Is that a "float" or a car you have there????


----------



## wolfwood (Sep 19, 2005)

Fanatical1 said:


> Wolfie,
> 
> Is that a "float" or a car you have there????


I guess the answer is "YES"!!!

I'm the 'Water Wizard" for the Pipe & Drum Band...and carry the water in all the parades. Parade organizers don't seem to think that a really cute car is enough...they want it "decorated" too. Go figure


----------



## Rubrhammer (Nov 27, 2006)

You guys are killing me with the vette photos. I'm getting so itchy to get mine finished. Here is mine the day I brought mine home. http://www.outbackers.com/forums/uploads/1...3_588_32538.jpg
This is my daughter with here car. Hard to "park" in one of these, too.
5 spd with pearl ghost flames Fiero
http://www.outbackers.com/forums/uploads/1...3_588_36727.jpg
Bob


----------



## Fanatical1 (Jan 9, 2006)

Rubrhammer said:


> You guys are killing me with the vette photos. I'm getting so itchy to get mine finished. Here is mine the day I brought mine home. http://www.outbackers.com/forums/uploads/1...3_588_32538.jpg
> This is my daughter with here car.
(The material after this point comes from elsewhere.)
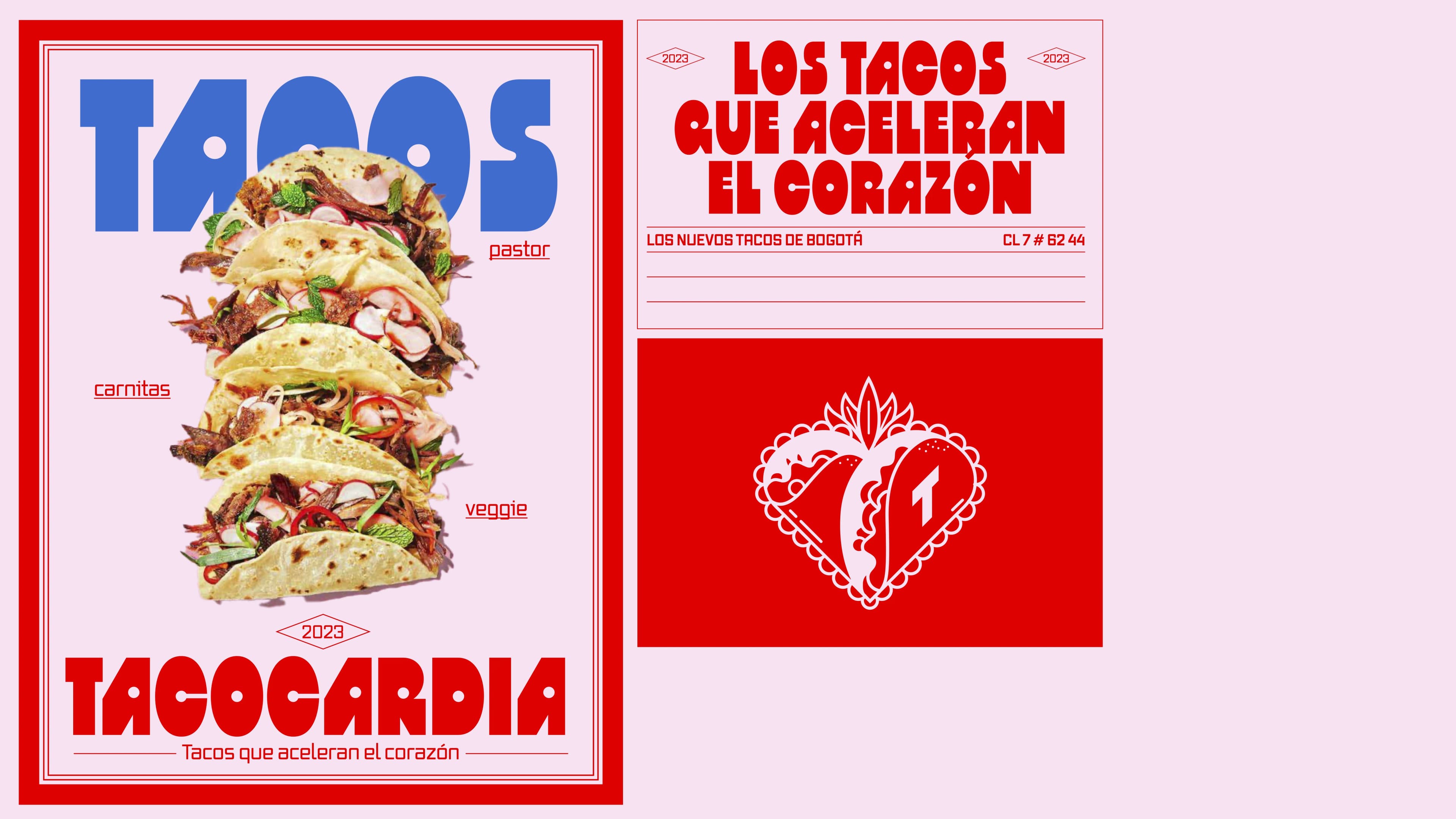 Tacocardia promotional posters and flyers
Hard to "park" in one of these, too.
> 5 spd with pearl ghost flames Fiero
> http://www.outbackers.com/forums/uploads/1...3_588_36727.jpg
> Bob


Bob,

That's a beautiful Vette you have! What year is it? When will you have it done?

Mark


----------



## Rubrhammer (Nov 27, 2006)

Mark,
It is a 65. No end in sight lol. I have had this for 14 years and only have put about 20 miles on it. What doesn't show in the pictures is the bad frame under it. The rot was very well hidden by an owner prior to the one I bought it from. Soooooooooooo I bought a mandrel bent rectangular tube frame with C4 suspension for it and carried it home on top of the truck from Alabama on the way home from a habitat for Humanity build. I thought as long as I was upgrading the chassis I'd modernize the power too. So I bought an LM4 aluminum 5.3 with under 100 miles on it. The side exhaust is done and the engine is mounted and the clutch actuation is solved. I still have some wiring and fuel supply parts to procure before I put the body on it. I plan to pull the body off the old chassis and paint it this summer before mounting to the new frame. If you go here you'll see what is happening with the car.
http://www.outbackers.com/forums/index.php...um=588&st=0
http://Outbackers.com/forums/index....ser;cat=44;u=34
Bob


----------